I know nothing whatsoever about Brazil, and so I'd like to know anything you can share, including any cultural stuff I should be aware of, tips on food to eat and things to do, ideas for how to get around and where to go, and any information on how much Portuguese I need to try to figure out (would also appreciate some ideas for ways I can familiarize myself with the language before I go).

I've seen a few previous questions, but they're all pretty old, so I thought updated info would be a good idea.

Thank you so much in advance!
posted by hansbrough to Travel & Transportation around Brazil (4 answers total)
 
Whoopsies, forgot to add that I would also be interested in any recommendations for books or guides to read/bring along. Thanks, guys!
posted by hansbrough at 5:02 PM on February 16, 2011


I know nothing whatsoever about Brazil, and so I'd like to know anything you can share.

Brazil is very big, varied, with a rich culture and a complex history. How about you start by reading some Wikipedia articles and then you could come back with more specific questions?
posted by TheGoodBlood at 4:13 AM on February 17, 2011


The state you're headed to is known for its amazing beaches. In the northern half of the country, distances between major cities are pretty great, so plan on flying to RJ (or spending a couple days on a bus). There are some pretty good discount domestic airlines, like Azul and Avianca.

For language, we know lots of people who have used the Pimsleur cds and Rosetta Stone software. With both, you only get as much out as you put in, both in training beforehand and in actually diving in once you're in Brazil and talking to people.

If you have specific questions feel free to memail me. I'm in the northeast so I know a little about the region.

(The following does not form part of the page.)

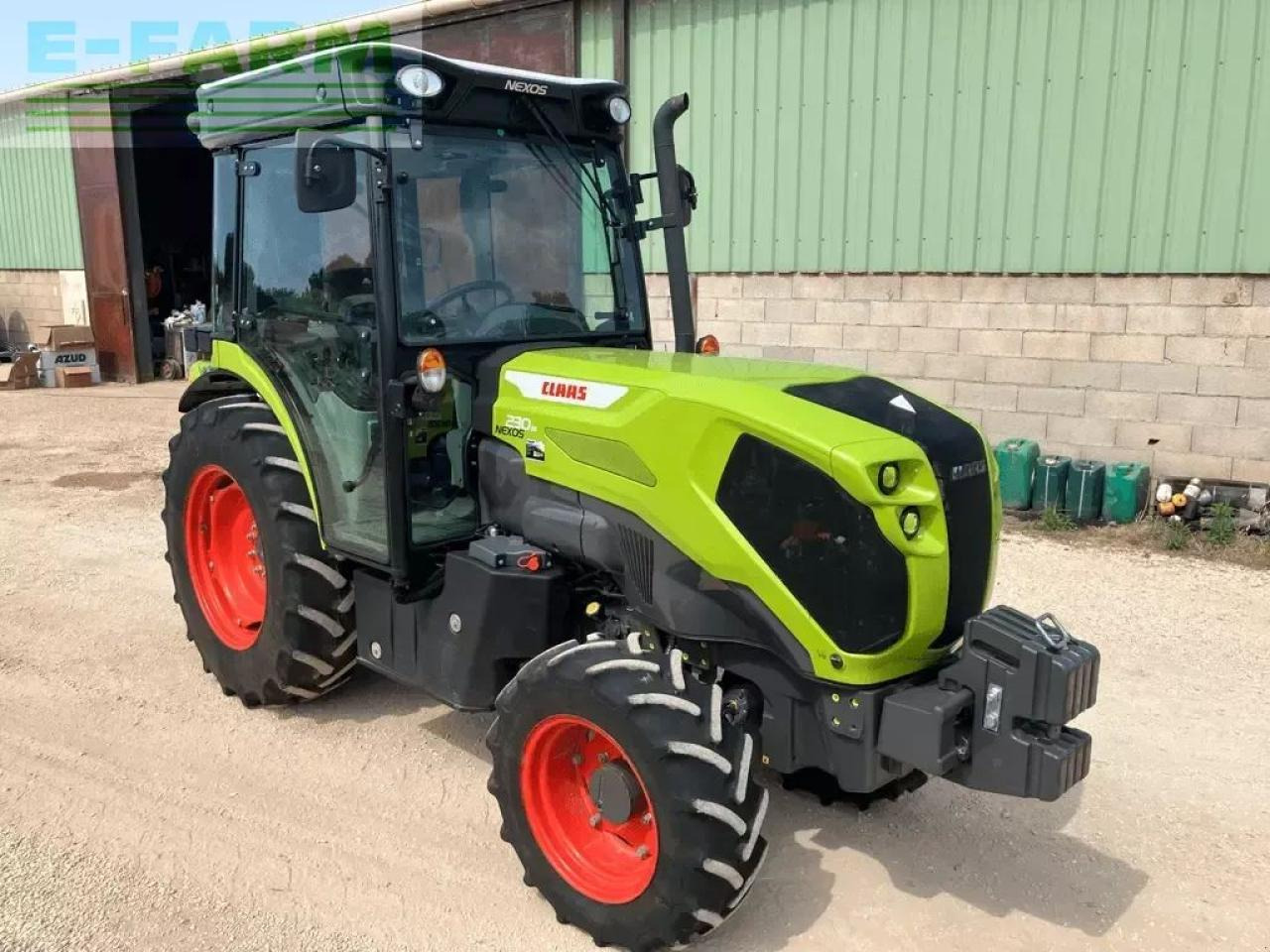 CLAAS nexos 230 m ls+ - Tracteur agricole: photos 4 CLAAS nexos 230 m ls+ - Tracteur agricole: photos 4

Oh, and I remember in Fortaleza there was this one street that was full of shoe shops. Amazing. Well, not so much for me because I have gargantuan feet but my friends sure loved it!
posted by wallaby at 7:38 AM on February 17, 2011


I went to Manaus and various other parts of Brazil without knowing Portuguese, hoping my limited Spanish would be a start. It wasn't, at all. In the past I'd found picking up languages easy, but for some reason the sounds of Portuguese were beyond me. Before you go I strongly recommend learning some basic Portuguese in a class or some other live setting where you get to talk.